## Provided data
⟨

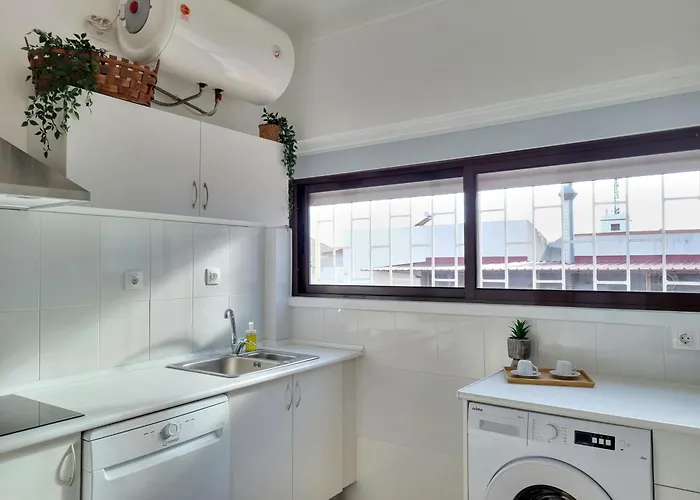 Beach Apartment * Costa de Caparica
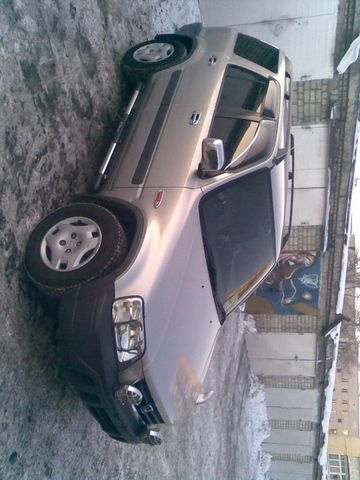 1996 Honda CR-V
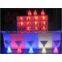 LED Combination Illuminated Bar Table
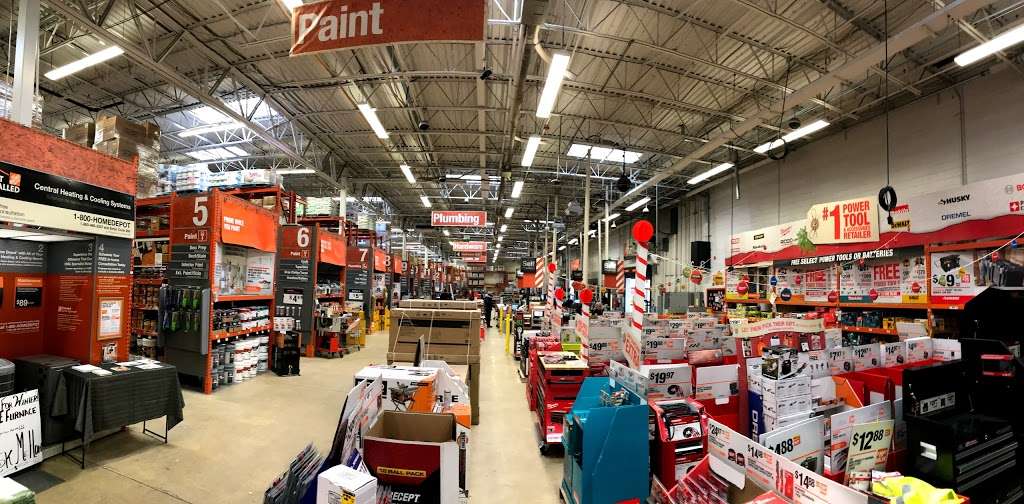 The Home Depot | 6003 Oxon Hill Rd, Oxon Hill, MD 20745 | Phone: (301) 839-9600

⟩

## Aim of the task
Reproduce the whole listing above word for word, dropping each image.

## Result of the task
 Beach Apartment * Costa de Caparica
 1996 Honda CR-V
 LED Combination Illuminated Bar Table
 The Home Depot | 6003 Oxon Hill Rd, Oxon Hill, MD 20745 | Phone: (301) 839-9600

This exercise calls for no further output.